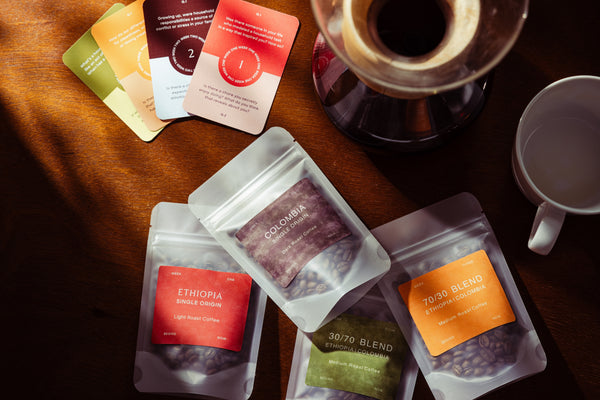 THE ONE COFFEE RITUAL - ONE YEAR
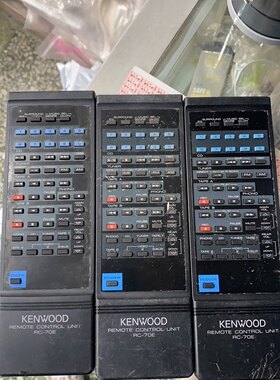适合二手健伍 组合音响CD机遥控器：RC-70E
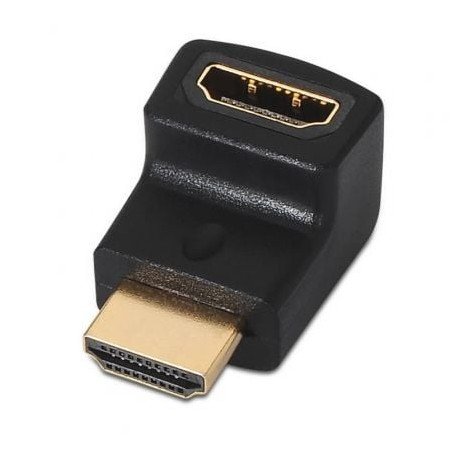 Adaptador HDMI Aisens A121-0124/ HDMI Macho - HDMI Fêmea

··········

TASK OBJECTIVE — Copy out the listing above exactly, and keep the pictures out of it.

OUTPUT OF THE TASK —
 THE ONE COFFEE RITUAL - ONE YEAR
适合二手健伍 组合音响CD机遥控器：RC-70E
 Adaptador HDMI Aisens A121-0124/ HDMI Macho - HDMI Fêmea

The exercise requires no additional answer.